In third grade, we were asked what we wanted to be when we grew up. I chose “teacher,” and I’ve never wavered from pouring my creative spirit into that endeavor.
How do you weave your professional background into the classroom experience?
My professional background is working with words. In the classroom, I use my training as a rhetorician and lawyer to pass along respect for those tools, both spoken and written. Using contextual analysis, students become stronger readers and writers who carefully dissect others’ texts for meaning or create meaningful texts to accomplish their own meanings. Wielding words with efficiency is a lifelong skill than can help you succeed in any profession.
What class assignment exemplifies your approach to teaching and mentoring, and how do you inspire students to push themselves beyond their own perceived limits?

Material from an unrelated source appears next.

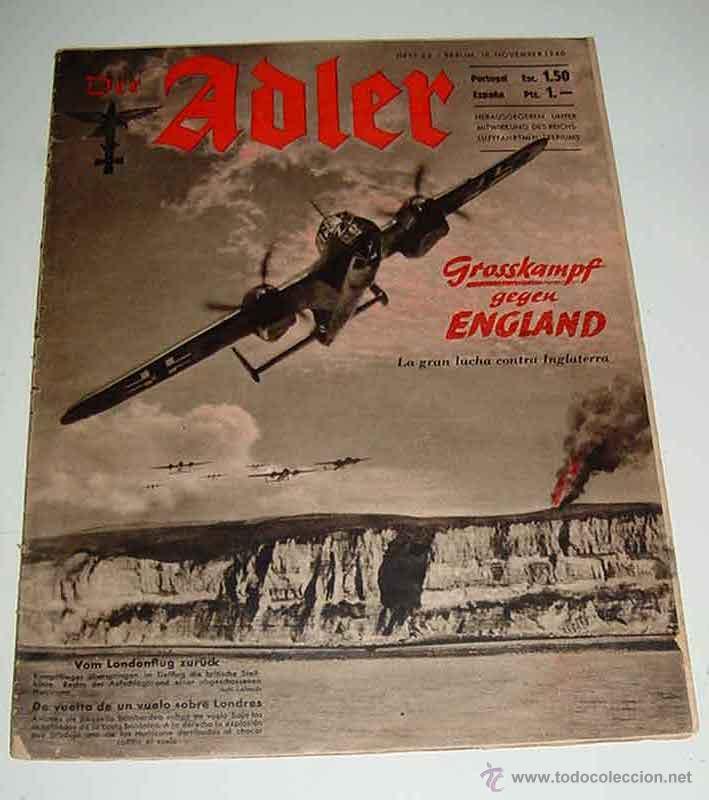 Militaria: DER ADLER  Revista alemana de la Luftwaffe n&ordm; 23 de 1940 - propaganda alemana II Guerra Mundial - 30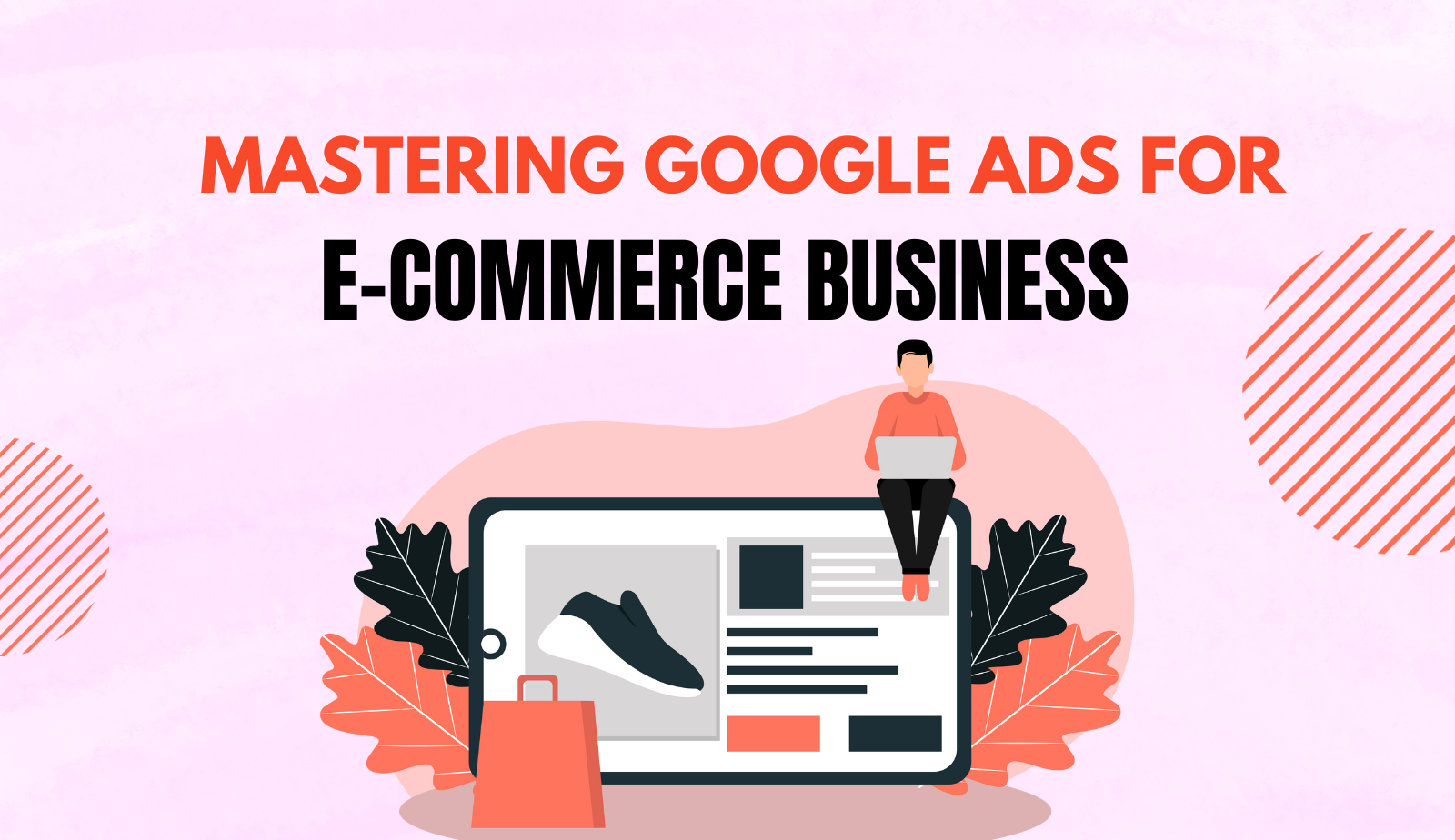 Mastering Google Ads for eCommerce: The Ultimate Guide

I encourage students to mingle their perspectives with others’ and create a fresh understanding from that interaction. One way I do that is by providing an advance list of potential final exam questions. Students have weeks to either work alone or collaborate with classmates on each question. The exam is made up of questions from that list. Students can’t bring notes to the exam, so they must honestly learn the concepts that the questions provoke. The idea is to foster a solid understanding of the material rather than just have them cram for an exam.
How does collaboration contribute to students’ success—particularly when students from various programs work together?
Collaboration is a valuable skill in the real-world workplace, and a way to broaden self- awareness. Students from across the school are required to take my composition courses; they bring a wide range of interests to class discussion. They work in groups to evaluate and advise one another on their draft essays, and to deconstruct text of assigned published essays.
What’s the most important thing you impart to students to help them succeed in class and the real world?
Be a discerning reader. Interact with the writer—inquire, agree, disagree, measure your own theories against those the writer is sharing. Read broadly. Read deeply. Read for truth. Don’t accept any idea just because it’s in print. Form your own opinions—that’s the essence of creativity.